# [What you are asked to do]
Your task is to repeat exactly the lines below between the line holding "STRATFORD_FB__37-(DRISKILL)" and the line holding "thumbnail image 1", inclusive, and only those.
──────── Material shown
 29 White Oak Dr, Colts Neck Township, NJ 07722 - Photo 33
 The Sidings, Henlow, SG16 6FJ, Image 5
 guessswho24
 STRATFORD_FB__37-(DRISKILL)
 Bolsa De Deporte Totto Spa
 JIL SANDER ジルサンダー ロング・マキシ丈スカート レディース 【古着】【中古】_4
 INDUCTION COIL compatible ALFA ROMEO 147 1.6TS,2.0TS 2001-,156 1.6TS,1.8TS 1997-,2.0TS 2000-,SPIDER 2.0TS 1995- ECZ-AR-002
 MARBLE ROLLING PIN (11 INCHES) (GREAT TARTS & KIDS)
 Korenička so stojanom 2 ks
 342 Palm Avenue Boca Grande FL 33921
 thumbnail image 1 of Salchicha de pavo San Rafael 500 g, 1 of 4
────────────────
──────── Material shown
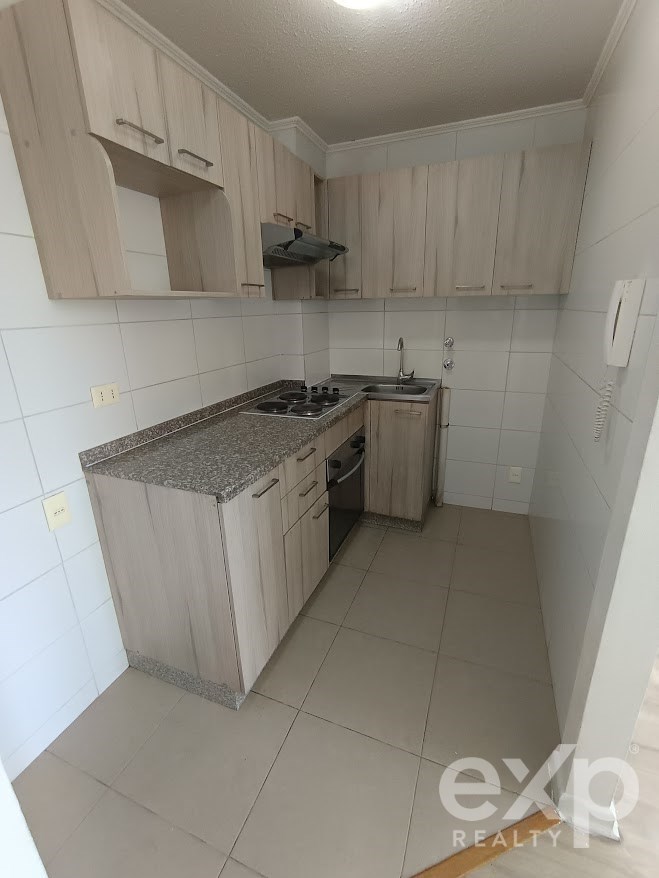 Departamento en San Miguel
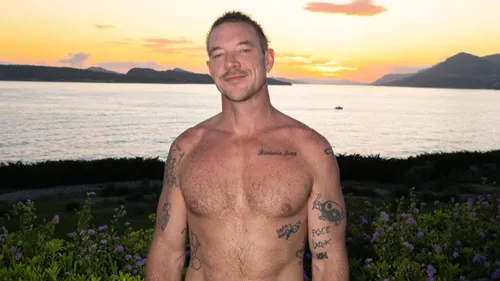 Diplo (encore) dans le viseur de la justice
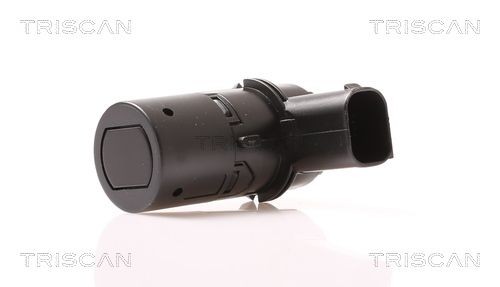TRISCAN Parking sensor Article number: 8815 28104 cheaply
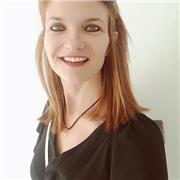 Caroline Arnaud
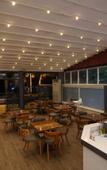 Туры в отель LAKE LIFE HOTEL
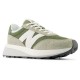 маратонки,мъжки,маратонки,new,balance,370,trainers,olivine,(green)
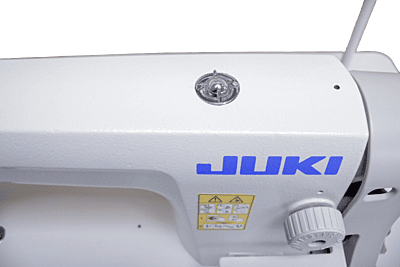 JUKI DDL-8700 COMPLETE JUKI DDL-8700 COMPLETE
────────────────
# [Task response]
 STRATFORD_FB__37-(DRISKILL)
 Bolsa De Deporte Totto Spa
 JIL SANDER ジルサンダー ロング・マキシ丈スカート レディース 【古着】【中古】_4
 INDUCTION COIL compatible ALFA ROMEO 147 1.6TS,2.0TS 2001-,156 1.6TS,1.8TS 1997-,2.0TS 2000-,SPIDER 2.0TS 1995- ECZ-AR-002
 MARBLE ROLLING PIN (11 INCHES) (GREAT TARTS & KIDS)
 Korenička so stojanom 2 ks
 342 Palm Avenue Boca Grande FL 33921
 thumbnail image 1 of Salchicha de pavo San Rafael 500 g, 1 of 4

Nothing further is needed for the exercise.